Why should we be concerned about Nipah?

Since the first case described in 1998, Nipah cases have also been reported in other South Asian states like Singapore and Bangladesh. The current outbreak in Kerala is the southern state’s fourth, and India’s eighth since 2001.

According to a 2023 MDPI review, Nipah, an RNA Henipavirus from the Paramyxoviridae family that includes the Hendra virus first described in Australia, is a bat-born zoonotic pathogen that can infect pigs, with seroprevalence measured in other farm animals like cattle to a lower degree. Nipah virus typically causes fever, headaches, muscle pain, vomiting, and a sore throat but can also lead to encephalitis and death.

Spillover has occurred from bats to humans and from pigs to humans, as was the case for the first outbreak in Malaysia 25 years ago, wrote Vanderbilt University Medical Centre (VUMC)’s Robert Carnahan, PhD, professor of pediatric infectious diseases, and Silvia Ravera, PhD, senior staff scientist at Crowe Laboratory in an email to Today’s Clinical Lab.
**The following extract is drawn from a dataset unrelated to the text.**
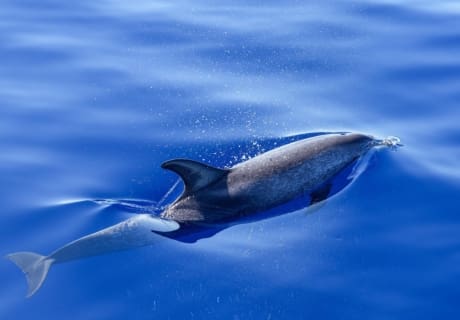 Rejser til Tanzania, Zanzibar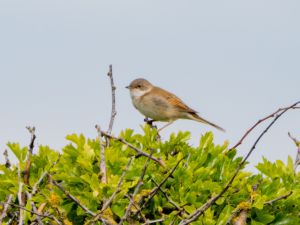 Whitethroat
“However, some strains of Nipah, like the one currently causing the outbreak in Kerala, can spread human-to-human,” noted the VUMC researchers. Another concern is population density.

Whereas prior outbreaks occurred in remote areas in India, the September cases stemmed from a larger metropolitan area, says Robert Kozak, PhD, assistant professor at the University of Toronto’s Department of Laboratory Medicine and Pathobiology, and clinical microbiologist at Sunnybrook Health Science Centre.
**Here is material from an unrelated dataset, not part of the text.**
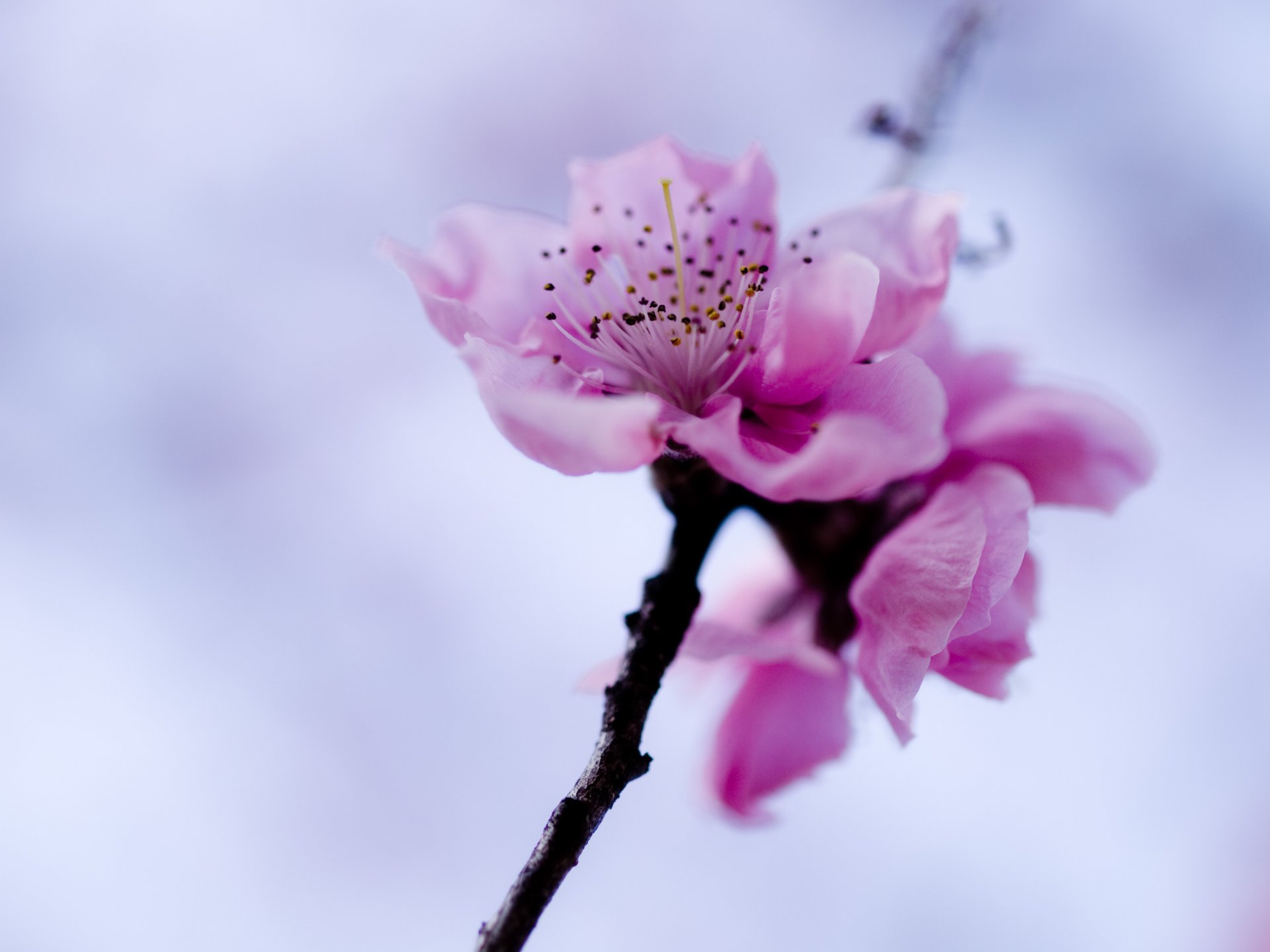 flower pink sakura branch sky spring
As such, “a number of infectious disease experts are watching and monitoring the outbreak,”  he says, adding that “this is a pathogen that destroys the livelihoods of people.” Kozak recounted that the first outbreak resulted in the culling of thousands of pigs, with detrimental impacts to Malaysia’s agricultural sector and national economy.

“As researchers, we have to think of a One Health approach: not just prevent cases in people, but also in animals,” says Kozak, who is currently collaborating on a research project to develop a vaccine for both animals and humans.

What is the likelihood of Nipah making its way to North America?

“There has never been a reported case of Nipah virus in Canada since the virus was discovered,” says Kozak, who thinks the likelihood of seeing a Nipah case in Canada and the US is extremely low; so do Carnahan and Rivera.

According to them, Nipah has “a dangerously high fatality rate (40–50 percent, and sometimes more than 70 percent), which may limit its ability to spread globally.” For this reason, and because Nipah virus has a lower transmissibility than Influenza and SARS-CoV-2, it is “unlikely that we would see Nipah in the US in the near future,” wrote the UVMC researchers, cautioning that monitoring a potential threat of Nipah is warranted.

“At the moment, human-to-human contagion is limited. Still, the more outbreaks there are, the more likely the virus could adapt and favor human-to-human transmission, which can lead to larger outbreaks or even epidemics,” explained Carnahan and Ravera.